EXERCISE –
Every line of the data, first to last, must be written out unchanged.

GIVEN ENTRIES –
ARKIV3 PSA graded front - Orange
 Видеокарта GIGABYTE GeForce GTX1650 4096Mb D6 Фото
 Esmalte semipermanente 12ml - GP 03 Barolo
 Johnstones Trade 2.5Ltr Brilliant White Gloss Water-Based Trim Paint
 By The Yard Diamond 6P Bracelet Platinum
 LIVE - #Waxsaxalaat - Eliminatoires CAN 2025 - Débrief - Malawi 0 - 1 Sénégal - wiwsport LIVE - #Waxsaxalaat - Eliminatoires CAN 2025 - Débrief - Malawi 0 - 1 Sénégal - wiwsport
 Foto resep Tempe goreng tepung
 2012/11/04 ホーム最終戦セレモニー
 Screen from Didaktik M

SOLUTION BELOW –
ARKIV3 PSA graded front - Orange
 Видеокарта GIGABYTE GeForce GTX1650 4096Mb D6 Фото
 Esmalte semipermanente 12ml - GP 03 Barolo
 Johnstones Trade 2.5Ltr Brilliant White Gloss Water-Based Trim Paint
 By The Yard Diamond 6P Bracelet Platinum
 LIVE - #Waxsaxalaat - Eliminatoires CAN 2025 - Débrief - Malawi 0 - 1 Sénégal - wiwsport LIVE - #Waxsaxalaat - Eliminatoires CAN 2025 - Débrief - Malawi 0 - 1 Sénégal - wiwsport
 Foto resep Tempe goreng tepung
 2012/11/04 ホーム最終戦セレモニー
 Screen from Didaktik M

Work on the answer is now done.